Recorded data:

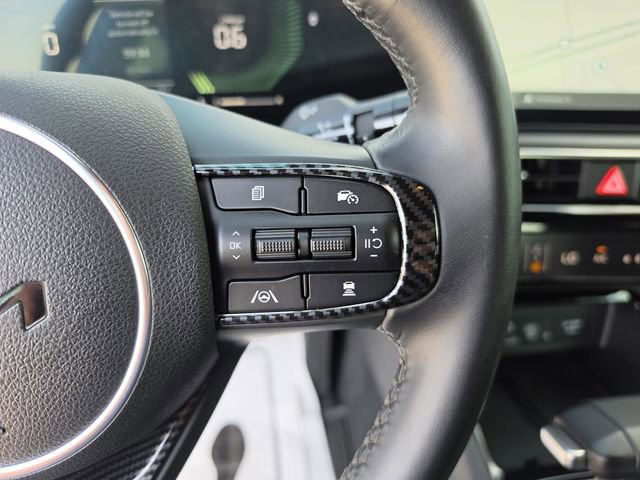 Used 2025 Kia K5 GT-Line FWD image 33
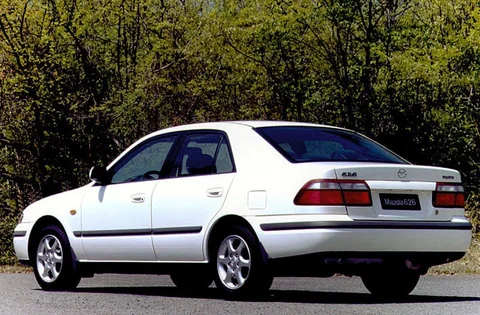 Mazda 626 2.0 DiTD GLX 1998 view 4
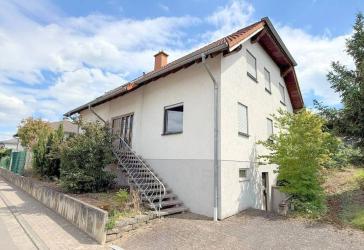 Eins-Zweifamilienhaus in schöner Wohnlage - Kleinkarlbach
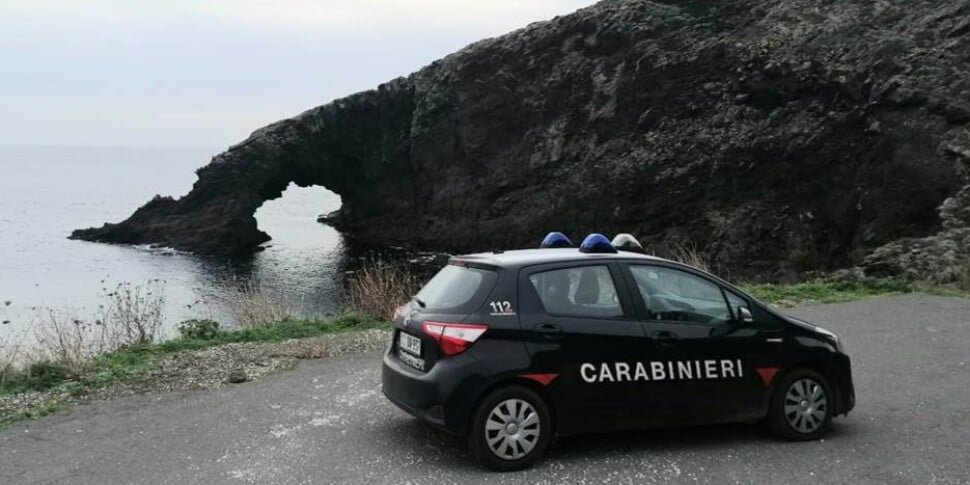 Fermato a Pantelleria mentre fuma uno spinello in auto, poi a casa i carabinieri trovano un chilo e mezzo di hashish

About this task: Copy all of the listing word for word, minus the images.

Written solution:
 Used 2025 Kia K5 GT-Line FWD image 33
 Mazda 626 2.0 DiTD GLX 1998 view 4
 Eins-Zweifamilienhaus in schöner Wohnlage - Kleinkarlbach
 Fermato a Pantelleria mentre fuma uno spinello in auto, poi a casa i carabinieri trovano un chilo e mezzo di hashish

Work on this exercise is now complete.